Jean Quatremer (Nancy, France, 1967) is one of the most influential journalists in Brussels. He arrived in the Belgian capital twenty-five years ago, and from that city has chronicled the process of European construction —and all its crises— in the pages of the French newspaper Libération. He is directly opposed to independence movements (including the Catalan one), but admits that, if he was Catalan, he would vote yes. He would do so “to take the side of those who are oppressed”: the voters who receive baton blows and the political and social leaders who are imprisoned for their ideas.

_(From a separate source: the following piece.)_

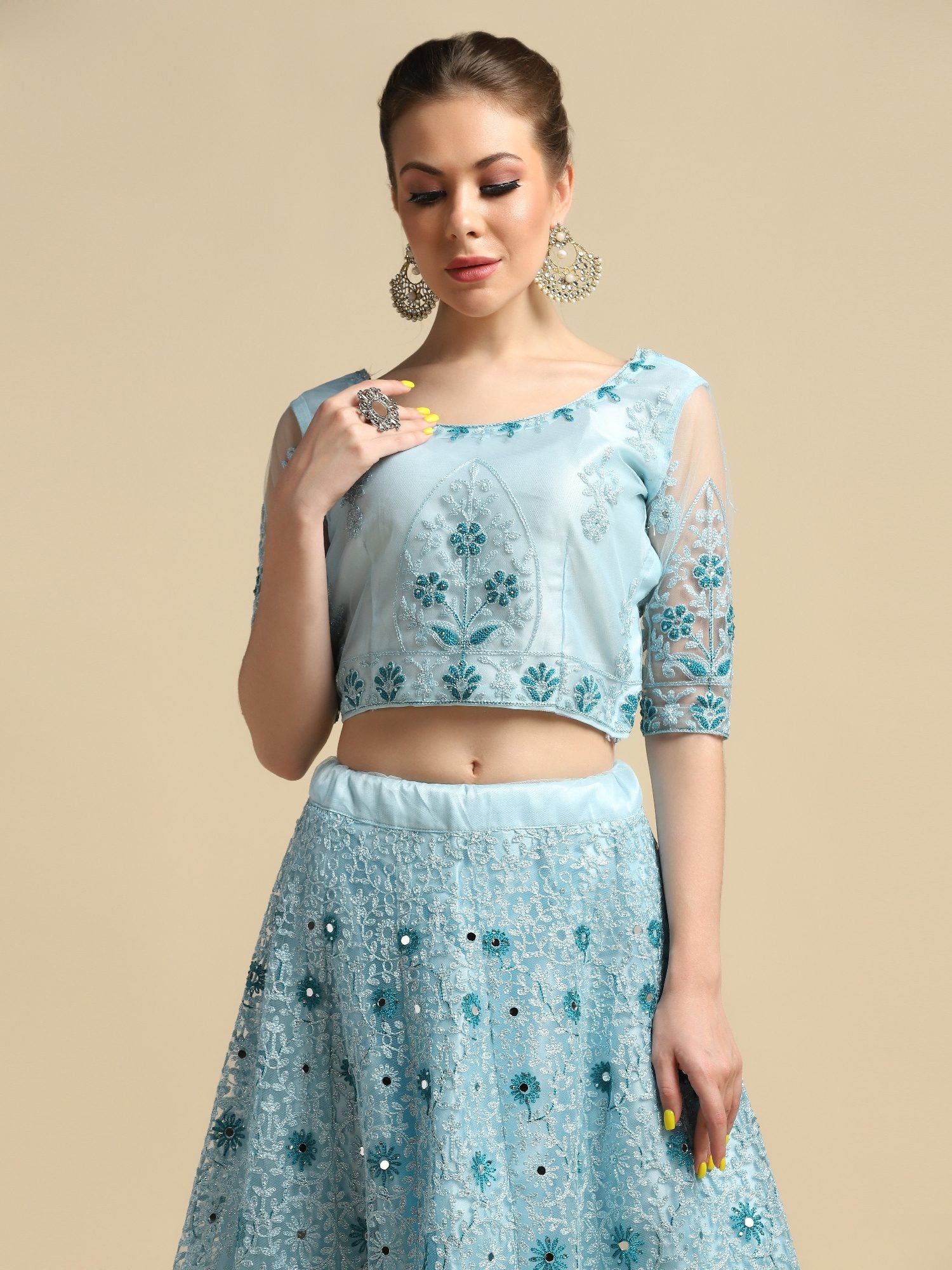 Graceful Powder Blue Festive & Wedding Wear Semi-Stitched Net Lehenga Choli with Intricate Floral Thread Embroidery Work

Quatremer recounts that a short time ago he discovered that Mariano Rajoy was following him on Twitter. He doesn't know if it is to spy on what he says. To take just one example, last autumn he received a call from the Spanish foreign ministry asking him not to moderate a debate with the former Catalan president Artur Mas. He didn't give in to the pressure.
You have spoken up about a a drift of democracy in Spain...
I did so because the political power in Madrid is trying to solve a political crisis by judicial means, interpreting the law in the most repressive way possible. The crime of rebellion, without violence, is not applicable. The only violence was from the [Spanish] state, not the independence movement.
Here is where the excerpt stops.